How to complete this task
Given the material below, return only the lines starting at the line with "istock Confident Businesswoman" and ending at the line with "Joueuse de tennis", exactly as they appear.

Material shown
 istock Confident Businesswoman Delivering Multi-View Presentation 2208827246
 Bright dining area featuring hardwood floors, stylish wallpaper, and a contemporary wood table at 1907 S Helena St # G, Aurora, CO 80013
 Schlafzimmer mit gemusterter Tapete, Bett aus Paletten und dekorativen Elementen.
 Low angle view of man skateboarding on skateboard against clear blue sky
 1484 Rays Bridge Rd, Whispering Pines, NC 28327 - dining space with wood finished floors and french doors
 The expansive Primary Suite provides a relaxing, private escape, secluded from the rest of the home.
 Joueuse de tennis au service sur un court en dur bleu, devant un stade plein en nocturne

---

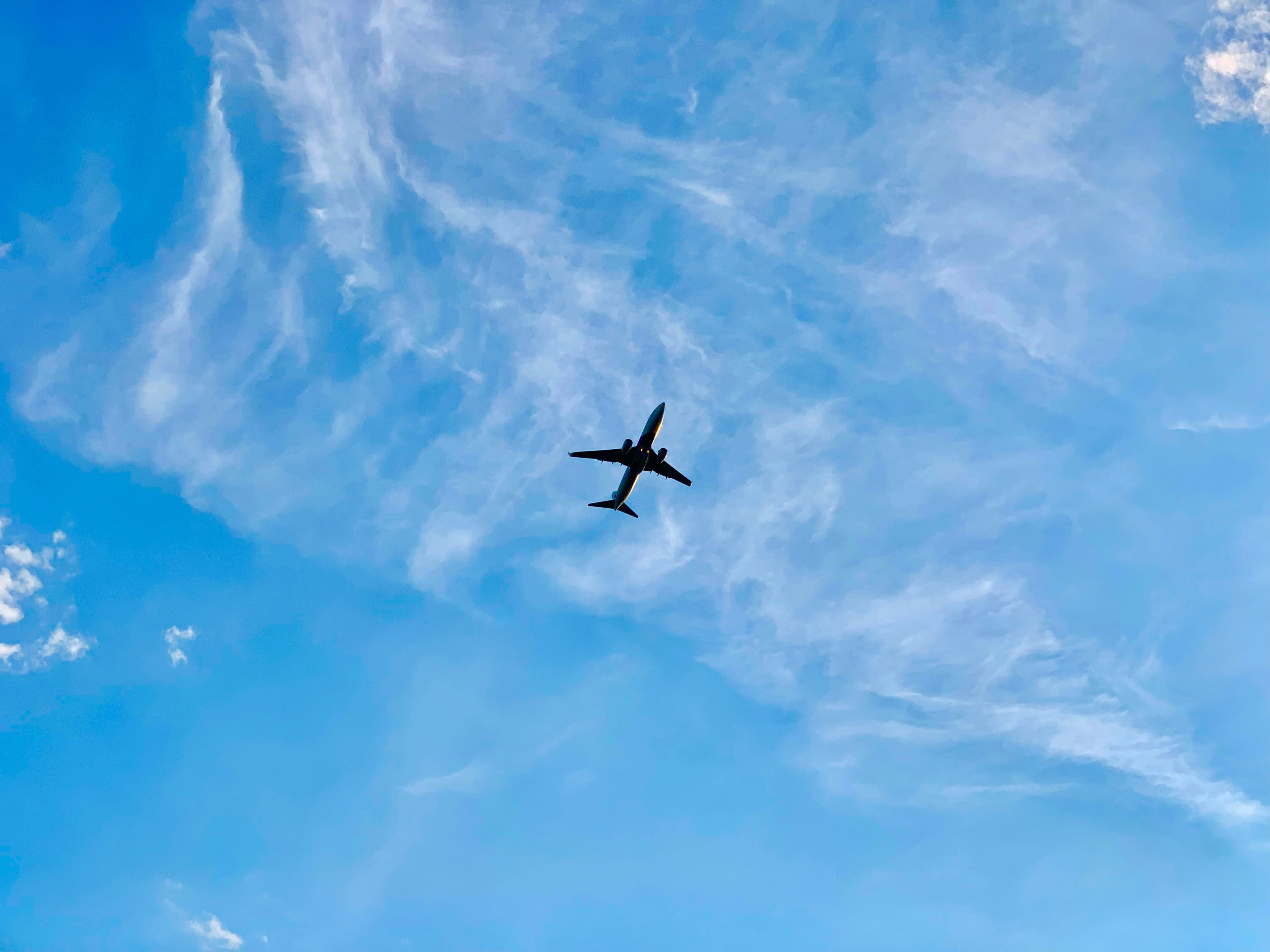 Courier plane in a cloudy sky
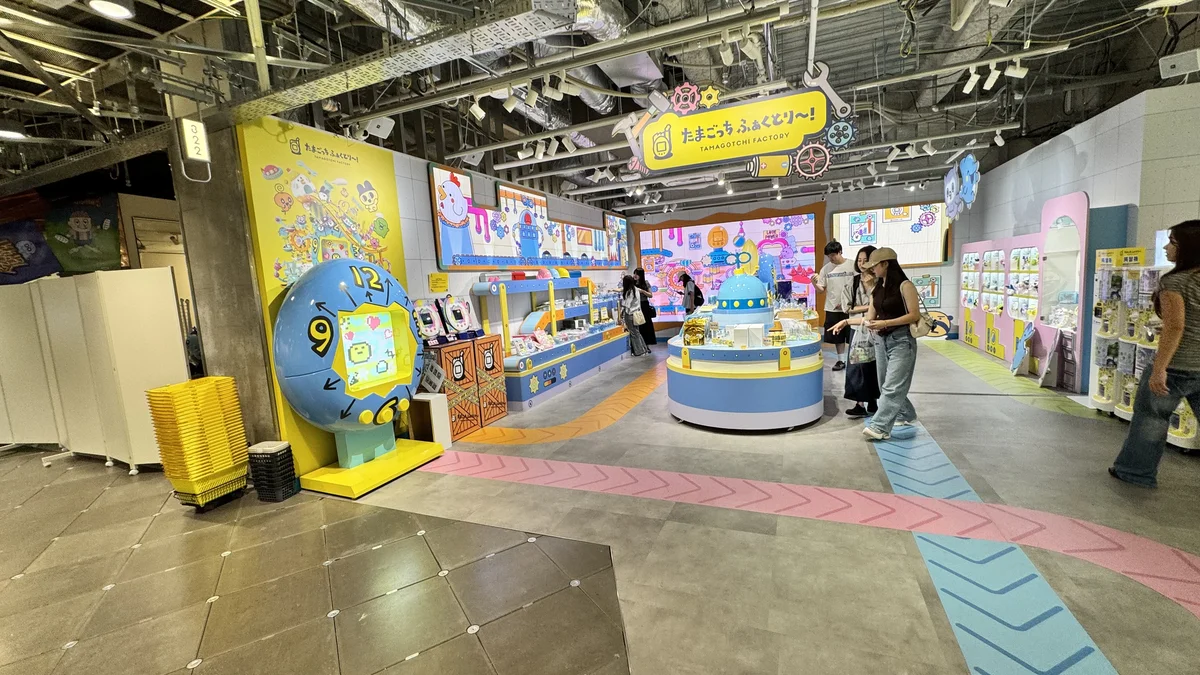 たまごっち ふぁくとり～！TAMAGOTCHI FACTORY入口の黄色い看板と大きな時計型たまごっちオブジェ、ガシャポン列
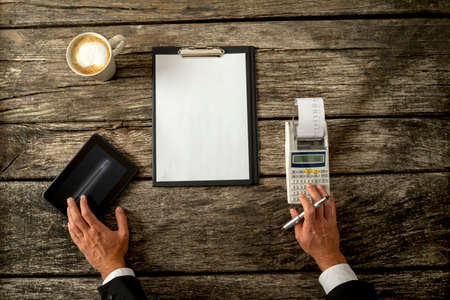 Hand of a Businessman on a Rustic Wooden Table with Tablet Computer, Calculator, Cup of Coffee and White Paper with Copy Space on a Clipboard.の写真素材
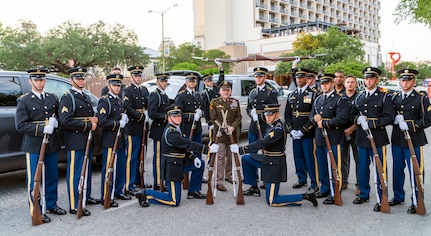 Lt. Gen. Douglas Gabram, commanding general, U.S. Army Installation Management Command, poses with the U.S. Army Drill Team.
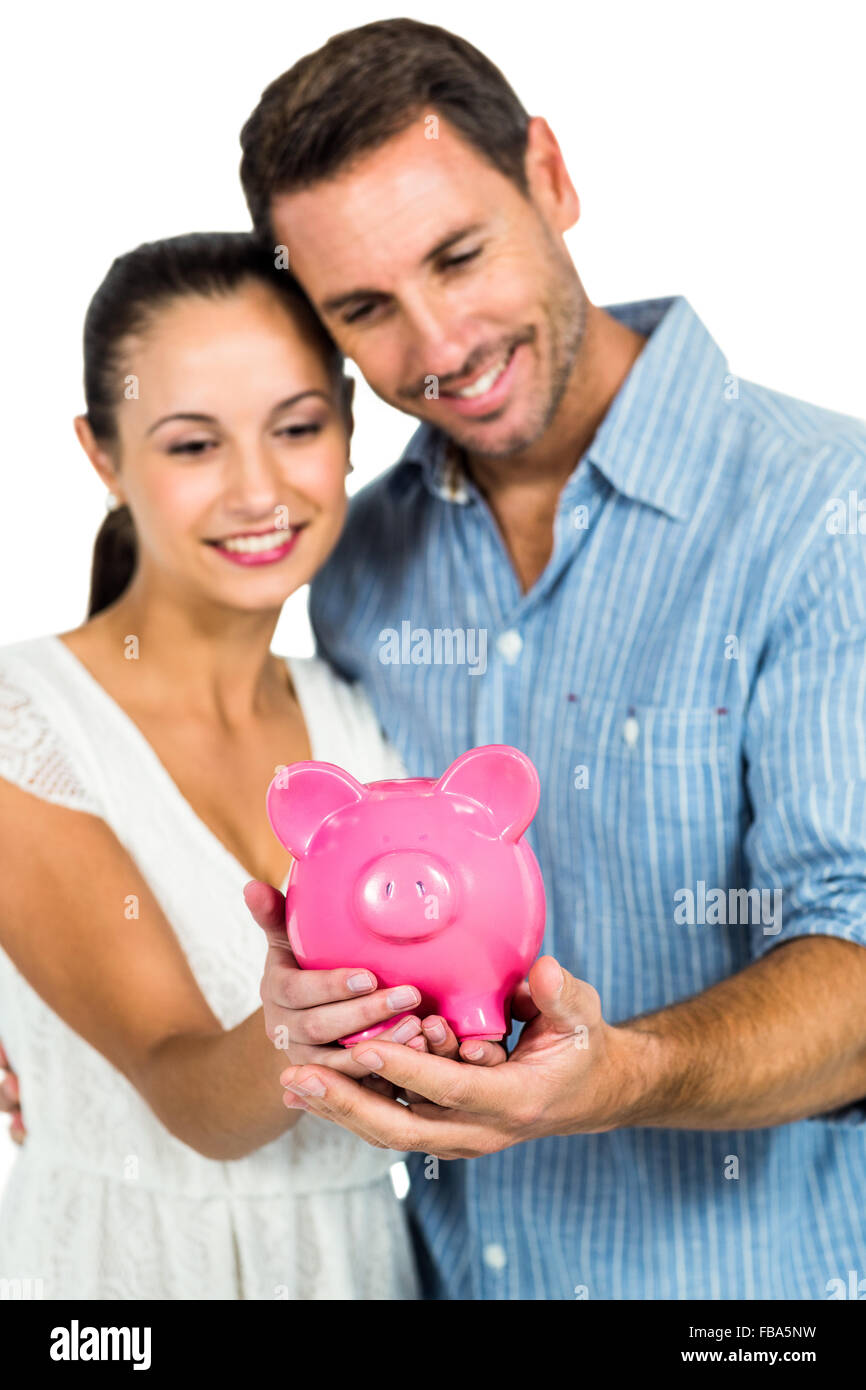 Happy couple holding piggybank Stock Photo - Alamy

* * *

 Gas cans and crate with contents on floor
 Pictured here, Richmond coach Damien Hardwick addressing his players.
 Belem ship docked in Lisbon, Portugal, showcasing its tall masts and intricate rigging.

Answer to the problem
 istock Confident Businesswoman Delivering Multi-View Presentation 2208827246
 Bright dining area featuring hardwood floors, stylish wallpaper, and a contemporary wood table at 1907 S Helena St # G, Aurora, CO 80013
 Schlafzimmer mit gemusterter Tapete, Bett aus Paletten und dekorativen Elementen.
 Low angle view of man skateboarding on skateboard against clear blue sky
 1484 Rays Bridge Rd, Whispering Pines, NC 28327 - dining space with wood finished floors and french doors
 The expansive Primary Suite provides a relaxing, private escape, secluded from the rest of the home.
 Joueuse de tennis au service sur un court en dur bleu, devant un stade plein en nocturne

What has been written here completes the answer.